605P - First-line chemotherapy with or without targeted therapies in metastatic colorectal cancer: The GEMCAD 14-01 prospective cohort

Background

First-line randomized clinical trials in metastatic colorectal cancer (mCRC) comparing chemotherapy with doublets (CT) plus targeted therapies (bevacizumab, cetuximab and panitumumab) (TT), have shown substantial benefit in progression free survival but modest benefit in overall survival over CT alone. In addition, elderly patients (pts) and pts with ECOG performance status (PS) of 2 are usually under-represented. GEMCAD 1401 is a prospective observational, multicenter study (GEMCAD 1401. ClinicalTrials.gov identifier: NCT02254941), that compared overall survival benefit in treatment naïve mCRC pts, treated with or without first-line TT.

Methods

Between June 2014 and June 2018, 1107, mCRC pts were included and 1020 were eligible (640 pts treated with CT plus TT and 380 pts treated with CT alone).

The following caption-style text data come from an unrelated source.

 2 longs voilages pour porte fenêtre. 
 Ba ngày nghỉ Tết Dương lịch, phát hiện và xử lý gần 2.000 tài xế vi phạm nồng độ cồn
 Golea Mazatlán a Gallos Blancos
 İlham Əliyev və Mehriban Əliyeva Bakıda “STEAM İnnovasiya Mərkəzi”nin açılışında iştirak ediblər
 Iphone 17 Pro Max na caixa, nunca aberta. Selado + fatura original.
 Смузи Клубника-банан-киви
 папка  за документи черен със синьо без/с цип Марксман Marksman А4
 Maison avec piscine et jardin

Baseline pts characteristics that would influence initial treatment strategy decision and efficacy (age, gender, tumor stage at diagnoses, primary tumor side, surgery of primary tumor, RAS and BRAF status, ECOG PS, Charlson score, number and type of affected organs, leucocyte, alkaline phosphatase, lactate dehydrogenase and CEA level) and postbaseline variables (time-varying covariates; ECOG PS, Charlson score, lactate dehydrogenase and grade 3-4 toxicities), were balanced using Inverse Probability Treatment Weighting (IPTW).

Results

After IPTW application, standardized differences of all basal variables between groups were <10%. The median overall survival was 21.2 months 95% confidence interval (CI) (18.9-23.6) in the CT plus TT group and 21.4 months (95% CI 18.2-25.3) in the CT group (hazard ratio (HR) for death, 0.93; 95% CI 0.8-1.08). The median progression free survival was 9.9 months (95% CI 9.3-10.7) in the CT plus TT and 8.9 months in the CT alone (95% CI 8.1-9.7). HR 0.87 (95% CI 0.76- 0.99).

Conclusions

First-line treatment with CT alone compared with CT plus TT, show no detrimental effect in overall survival.

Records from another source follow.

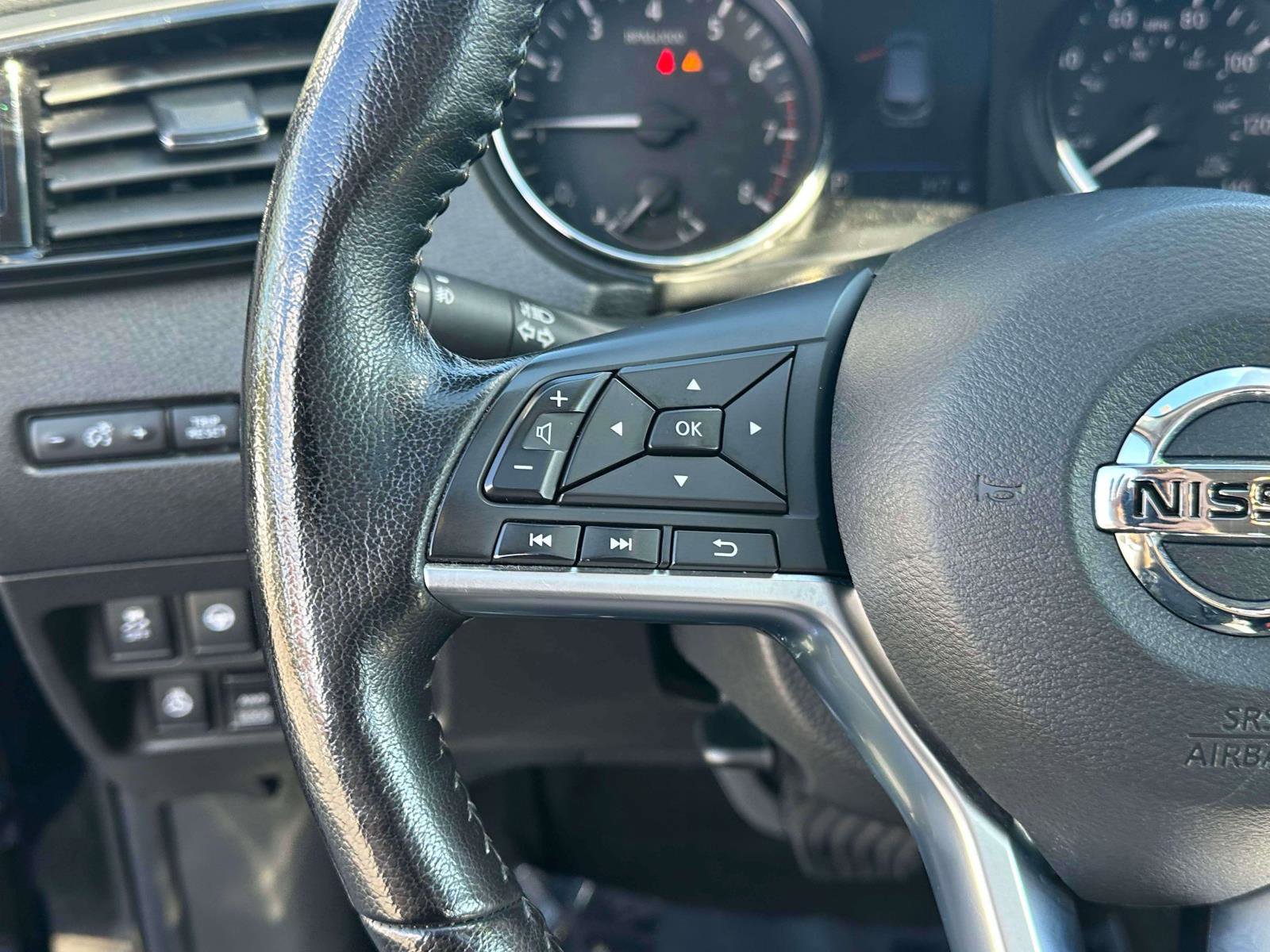 Used 2022 Nissan Rogue Sport SL w/ Premium Package image 23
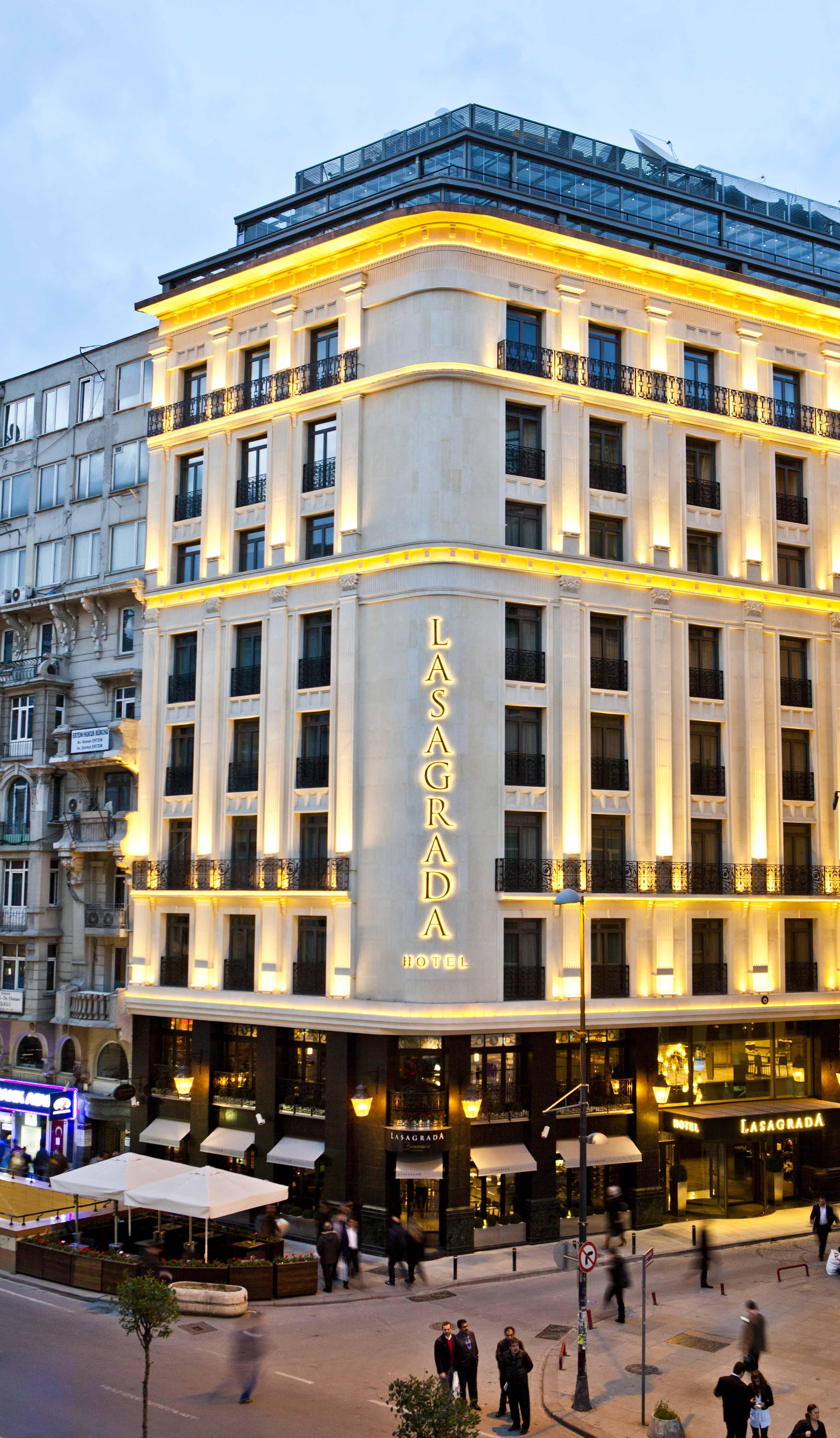 Otel Lasagrada 5*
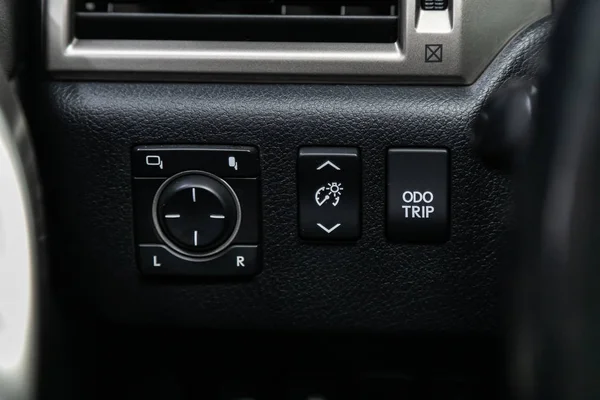 2019年10月5日 俄罗斯Novosibirsk Lexus Gx460 Close Buttons Side Mirror Adjustment Buttons — 图库照片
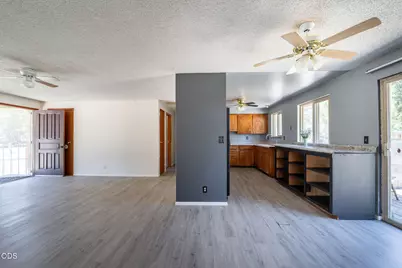 16184 Del Pino Drive, La Pine, OR 97739 - Photo 4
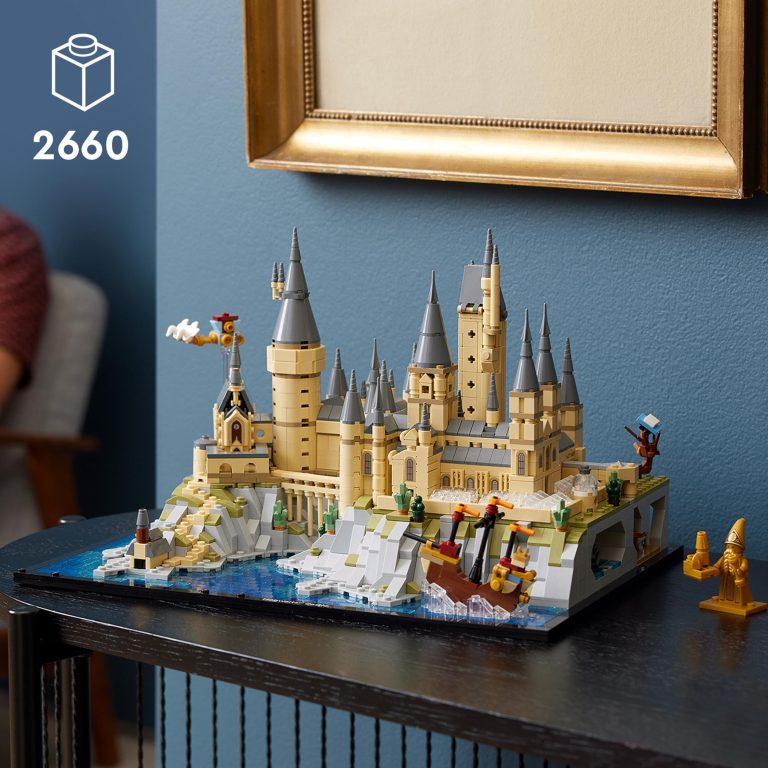 LEGO Harry Potter – Castle and Grounds (76419)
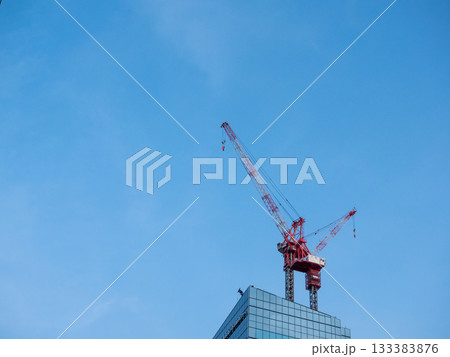 建設中のビル屋上のクレーン 133383876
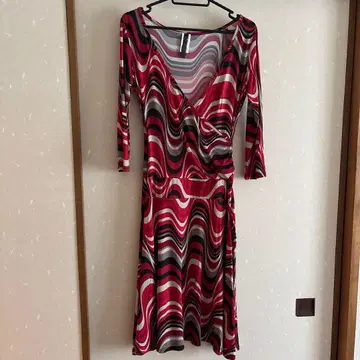 물결 무늬 프린트 M 사이즈 USA 원피스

Clinical trial identification

NCT02254941.

Editorial acknowledgement

Legal entity responsible for the study

Grupo Español Multidisciplinar en Cáncer digestivo.

Funding

Estudio Clínico: Beca FIS - Ayuda de Proyectos de Investigación en Salud del Instituto Carlos Tercero, convocatoria del a ño 2013 . Expediente Nº PI13/01728 and an unrestrictive economic supports from GEMCAD group Subestudio de biomarcadores asociado: Beca FIS - Ayuda de Proyectos de Investigación en Salud del Instituto Carlos Tercero, convocatoria del a ño 2013 . Expediente PI13/01659.

Disclosure

J. Feliu: Financial Interests, Personal, Advisory Role: Roche, Amgen, AstraZeneca. A. Ruiz-Casado: Financial Interests, Personal, Invited Speaker: Servier, Abbott, Nestle, Medtronic; Financial Interests, Personal, Advisory Board: Pierre Fabre, Amgen. J. Aparicio: Financial Interests, Personal, Speaker, Consultant, Advisor: Amgen, Bayer, Merck, MSD, Pierre Fabre, Servier. J. Gallego Plazas: Financial Interests, Personal, Advisory Board: AAA, Amgen, Bayer, Bristol Myers Squibb, Eisai, Ipsen, Lilly, Merck, MSD, Pierre Fabre, Roche, Servier; Financial Interests, Personal, Invited Speaker: AAA, Amgen, Bayer, Bristol Myers Squibb, Ipsen, Lilly, Merck, MSD, Novartis, Servier; Financial Interests, Personal, Other, Educational: Amgen, Ipsen, Merck, Novartis, Pierre Fabre, Roche; Financial Interests, Institutional, Funding: Astellas, AstraZeneca, Bristol Myers Squibb, Daiichi Sankyo, Lilly, Servier; Non-Financial Interests, , Member of Board of Directors: Spanish Society Medical Oncology, Spanish Group Of Neuroendocrine an Endocrine Tumours; Non-Financial Interests, , Project Lead: AGAMENON-SEOM Registry of Esophagohastric Cancer. R. Leno: Financial Interests, Personal, Speaker, Consultant, Advisor: Servier, Ipsen, MSD, Sanofi, Merck, Amgen. All other authors have declared no conflicts of interest.